Start of Data for the task

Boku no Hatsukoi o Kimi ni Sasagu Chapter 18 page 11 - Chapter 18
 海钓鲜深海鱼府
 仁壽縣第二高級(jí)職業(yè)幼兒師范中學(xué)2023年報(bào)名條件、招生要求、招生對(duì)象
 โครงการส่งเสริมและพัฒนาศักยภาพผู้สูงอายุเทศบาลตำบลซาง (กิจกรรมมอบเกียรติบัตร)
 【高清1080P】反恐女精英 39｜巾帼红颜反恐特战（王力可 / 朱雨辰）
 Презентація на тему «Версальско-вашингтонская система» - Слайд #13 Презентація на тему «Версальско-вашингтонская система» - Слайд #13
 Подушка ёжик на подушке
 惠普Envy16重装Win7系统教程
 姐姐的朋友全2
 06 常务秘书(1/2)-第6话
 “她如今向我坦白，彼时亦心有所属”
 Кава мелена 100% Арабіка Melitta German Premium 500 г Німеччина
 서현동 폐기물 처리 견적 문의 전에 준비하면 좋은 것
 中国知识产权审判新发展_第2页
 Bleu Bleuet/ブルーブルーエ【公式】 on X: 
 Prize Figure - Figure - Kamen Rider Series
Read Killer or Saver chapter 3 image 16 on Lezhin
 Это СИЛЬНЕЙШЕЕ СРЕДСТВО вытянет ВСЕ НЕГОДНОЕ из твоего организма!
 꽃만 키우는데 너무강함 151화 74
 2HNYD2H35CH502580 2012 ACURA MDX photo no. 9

End of Data for the task

== Task statement ==
Your answer must hold the line containing "Prize Figure - Figure - Kamen Rider Series" and all lines after it in the entries above, exactly, and nothing else.

== Answer to this task ==
 Prize Figure - Figure - Kamen Rider Series
Read Killer or Saver chapter 3 image 16 on Lezhin
 Это СИЛЬНЕЙШЕЕ СРЕДСТВО вытянет ВСЕ НЕГОДНОЕ из твоего организма!
 꽃만 키우는데 너무강함 151화 74
 2HNYD2H35CH502580 2012 ACURA MDX photo no. 9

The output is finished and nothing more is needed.